Bulger threw himself back in his chair.

"What!" he exclaimed, jumping with an affectation of surprise.

It was as though the sudden motion, the exclamation had touched a spring in the mind of Norcross, had projected his spirit from that disintegrating, anaemic cell in his brain to the sound, full-blooded cells by which he did his daily business. His form, which had seemed relaxed and old, stiffened visibly. He turned his eyes on Bulger.

"Forget that, too," he said. "Some day, when I'm strong enough, you'll go with me and you'll believe too." And now the secretary had signalled the chauffeur, and Norcross had risen to go.


The streams of destiny were converging that afternoon; the lines were drawing close together. Among the towers of Lower Manhattan, Norcross sat baring his soul; on a bench in Stuyvesant Square, Rosalie Le Grange had reported the consummation of her investigations to Dr.
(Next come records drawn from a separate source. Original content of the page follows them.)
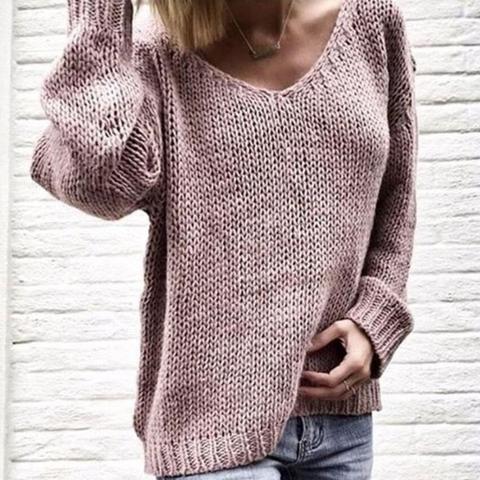 2022 Casual Women Loose Solid Color Knitted Sweater V Neck Long Sleeve Top Women's Clothing свитера женские  pull femme ► Photo 1/6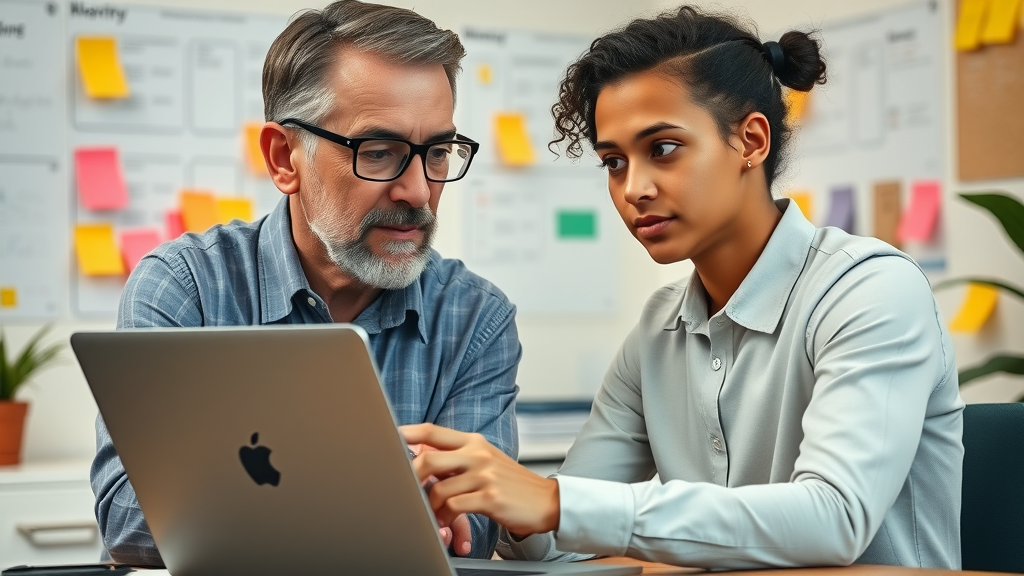 affiliate marketing mentorship: experienced mentor guiding beginner affiliate marketer at workspace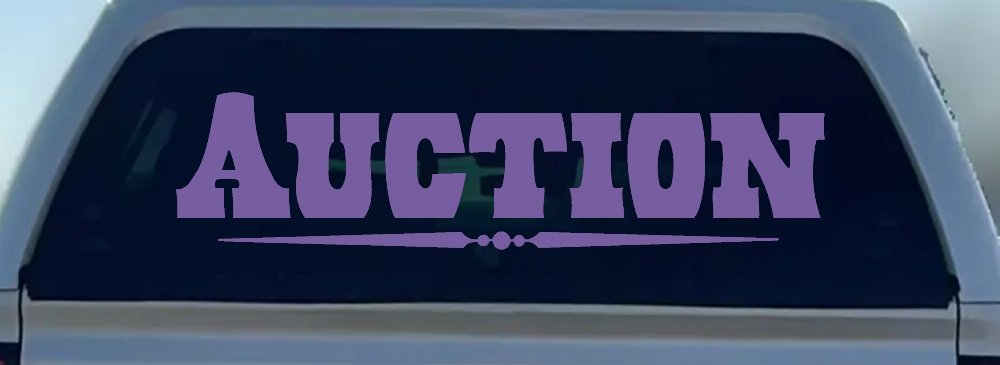 Auction Window Lettering Sign Business Car or Truck Window Decal Sticker (Purple)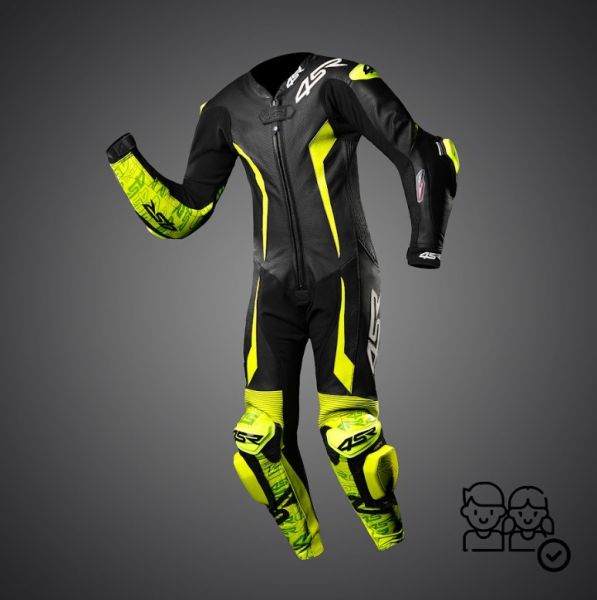 4SR Racing Junior Yellow AR Lederkombi Schwarz / Neongelb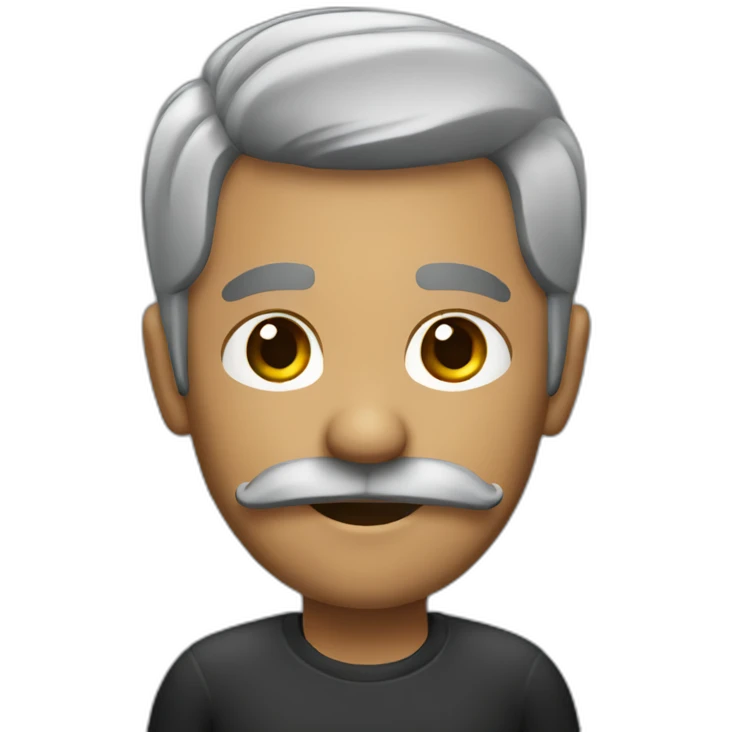 black with some gray hair software developer with black moustache emoji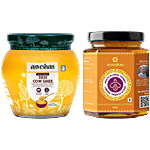 Anveshan A2 Vedic Bilona Cow Ghee 500 ml + Raw Organic Multi-Floral Honey 500 ml Combo 2 Items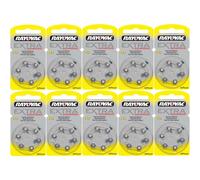 Rayovac piles auditives type 10 jaune - pack économique de 60 piles (10x6)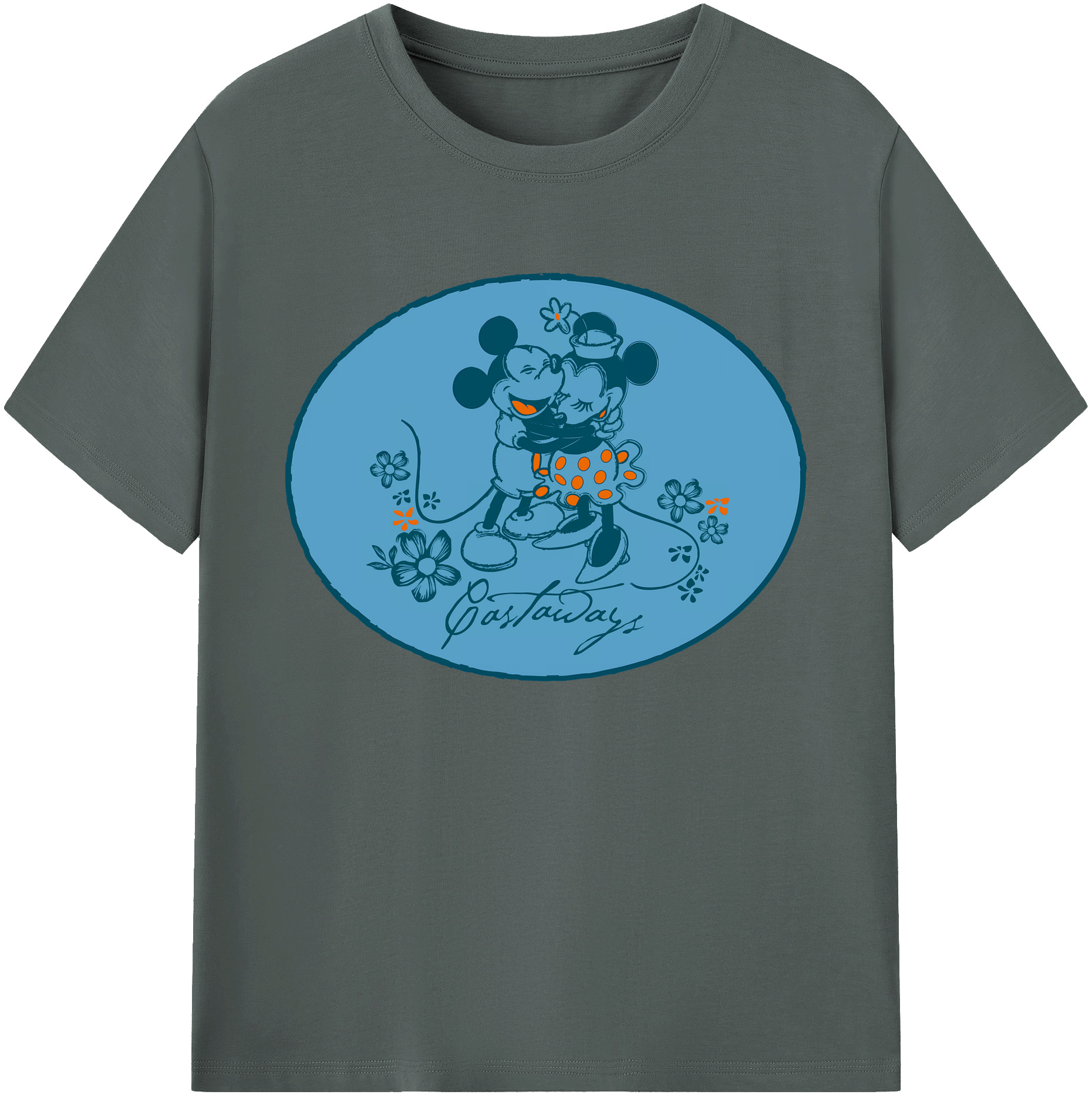 ミッキーマウス Mickey Mouse 綿100％ メンズ半袖Tシャツ｜肌触りやわらか＆通気性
Walter Huntington Blake; in a back parlor of the Upper West Side, Paula Markham, with many a sidelong glance at the approaches, sat memorizing the last syllable of a set of notes on yellow legal cap paper. But the master current was flowing elsewhere. In the offices of the Evening Sun, the stereotypers had just shot the front page of the Wall Street edition down to the clanking basement. It carried a "beat"; and that item of news had as much to do with this story as with the ultimate destinies of the L.D. and M. railroad. On October 19, two weeks hence, the directors of the road were to meet and decide whether to pay or pass the dividend. "The directors"—that, as the Sun insinuated, meant none other than Norcross. Holding a majority of the L.D. and M. stock, holding the will of those directors, his creatures, he alone would decide whether to declare the dividend or to pass it. The stock wavered at about fifty, waiting the decision. If Norcross put it on a dividend-paying basis, it was good for eighty. To know which way he would decide, to extract any information from that inscrutable mind—that were to open a steel vault with a pen-knife. "All trading," the Sun assured its readers, "will be speculative; it is considered a pure gamble."

As Bulger parted with Norcross on the street and turned south, a newsboy thrust the Wall Street Sun into his face. The announcement of the L.D. and M. situation jumped out at him from a headline. The inside information, held for two weeks by the group of speculators in which Bulger moved, was out; the public was admitted to the transaction; now was the time, if ever, to strike. He found a sound-proof telephone, and did a few minutes of rapid talking. Then he proceeded to his office.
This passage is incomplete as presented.